May 21, 2009 -- People who suffer from acute back pain may find relief in the form of comfrey root, a plant long thought to have medicinal value.
A new study, funded by the drug company Merck and published in the British Journal of Sports Medicine, showed that people with acute back pain who used an ointment containing comfrey root extract had significant reductions in pain, compared to their peers who used a placebo ointment.
The researchers note that in previous studies comfrey root extract has been effective in the treatment of ankle sprains and arthritic knee pain.
The study included 120 participants between the ages of 18 and 60, all suffering from either upper or lower back pain not caused by an identifiable source like a slipped disc or trauma. They all rubbed 4 grams of ointment on their backs three times a day for five days. Half of the participants used ointment containing comfrey root extract and half did not. Neither the participants nor the researchers knew which participants were getting comfrey root ointment and which participants were getting the placebo.

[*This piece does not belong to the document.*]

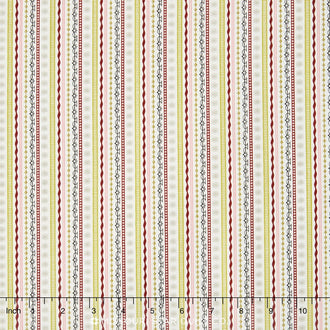 Lost & Found Christmas - Stripe Red Yardage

Participants were asked to assess their back pain and how much it interfered with normal movement, plus their back pain at rest.
The placebo users saw their pain intensity drop 38% during the study period, while comfrey root ointment users had a 95% reduction in pain. Back pain at rest was reduced 97% in the comfrey root group and 40% in the placebo group. The comfrey root ointment seemed to take effect in less than an hour.
The researchers report that there were few side effects. They included nausea, cold, eczema, and runny nose in four participants given the comfrey root ointment, and headache and itchiness in the three participants given placebo.
“The results of this clinical trial are clear-cut and consistent across all primary and secondary efficacy variables,” the authors write in their conclusion. “Comfrey root extract shows a remarkably potent and clinically relevant effect in reducing acute back pain.”
The comfrey root ointment used in the study is sold in Germany under the name Kytta-Salbe but is not available in the U.S.